Description of the task: Restate the records that follow word for word. Omit the images.

(Stored records)
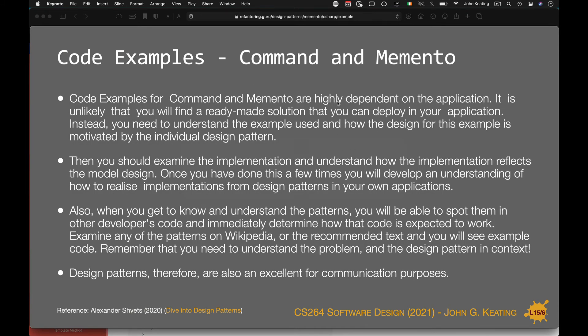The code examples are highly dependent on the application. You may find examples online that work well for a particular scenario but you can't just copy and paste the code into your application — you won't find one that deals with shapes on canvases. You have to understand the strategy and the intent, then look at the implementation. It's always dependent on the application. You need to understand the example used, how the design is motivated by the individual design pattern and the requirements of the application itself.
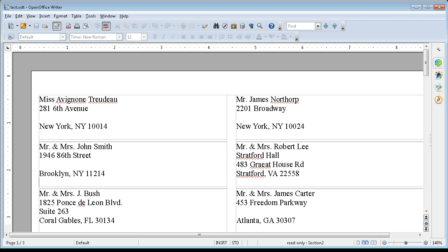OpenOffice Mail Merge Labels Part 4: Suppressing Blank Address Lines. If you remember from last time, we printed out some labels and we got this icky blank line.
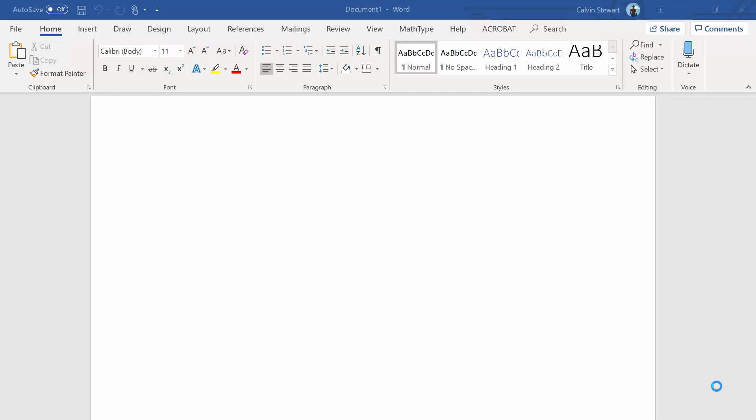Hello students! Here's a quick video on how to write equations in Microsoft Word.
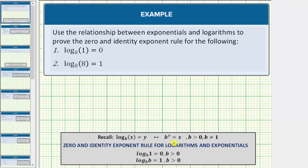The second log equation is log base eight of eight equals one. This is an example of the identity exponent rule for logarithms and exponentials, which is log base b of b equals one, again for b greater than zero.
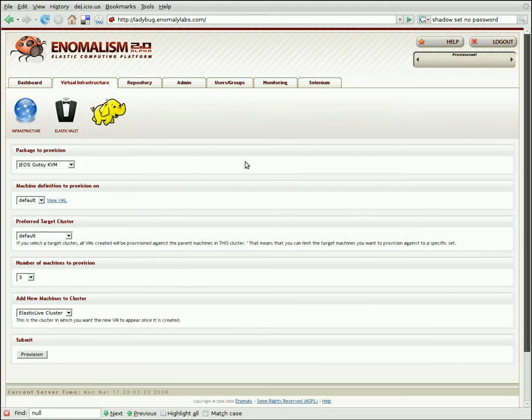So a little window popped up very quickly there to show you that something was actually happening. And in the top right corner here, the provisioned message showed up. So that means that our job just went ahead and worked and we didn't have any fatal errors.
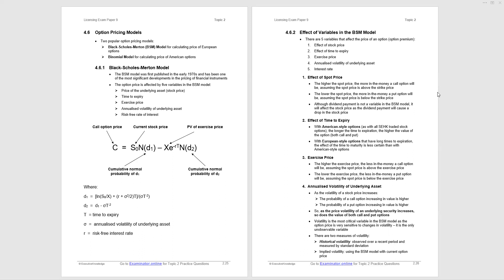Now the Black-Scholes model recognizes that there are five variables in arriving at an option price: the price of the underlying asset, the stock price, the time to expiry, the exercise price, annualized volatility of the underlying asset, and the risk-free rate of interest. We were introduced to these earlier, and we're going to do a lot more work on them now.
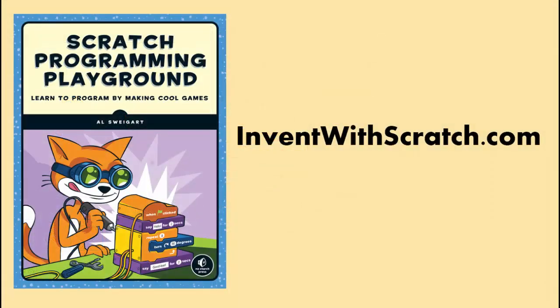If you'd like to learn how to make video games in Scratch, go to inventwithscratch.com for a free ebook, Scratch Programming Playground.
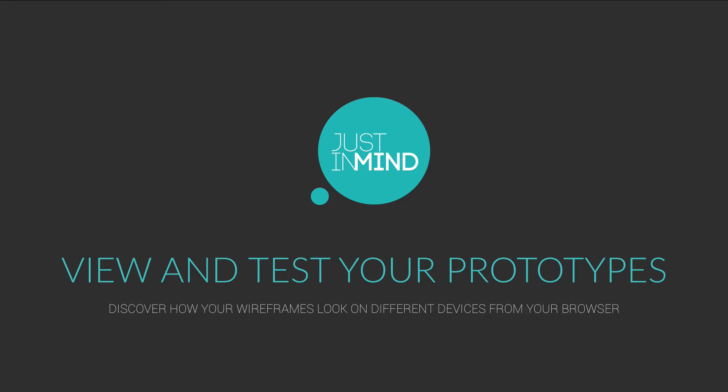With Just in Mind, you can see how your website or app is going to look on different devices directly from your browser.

Response area:
The code examples are highly dependent on the application. You may find examples online that work well for a particular scenario but you can't just copy and paste the code into your application — you won't find one that deals with shapes on canvases. You have to understand the strategy and the intent, then look at the implementation. It's always dependent on the application. You need to understand the example used, how the design is motivated by the individual design pattern and the requirements of the application itself.
OpenOffice Mail Merge Labels Part 4: Suppressing Blank Address Lines. If you remember from last time, we printed out some labels and we got this icky blank line.
Hello students! Here's a quick video on how to write equations in Microsoft Word.
The second log equation is log base eight of eight equals one. This is an example of the identity exponent rule for logarithms and exponentials, which is log base b of b equals one, again for b greater than zero.
So a little window popped up very quickly there to show you that something was actually happening. And in the top right corner here, the provisioned message showed up. So that means that our job just went ahead and worked and we didn't have any fatal errors.
Now the Black-Scholes model recognizes that there are five variables in arriving at an option price: the price of the underlying asset, the stock price, the time to expiry, the exercise price, annualized volatility of the underlying asset, and the risk-free rate of interest. We were introduced to these earlier, and we're going to do a lot more work on them now.
If you'd like to learn how to make video games in Scratch, go to inventwithscratch.com for a free ebook, Scratch Programming Playground.
With Just in Mind, you can see how your website or app is going to look on different devices directly from your browser.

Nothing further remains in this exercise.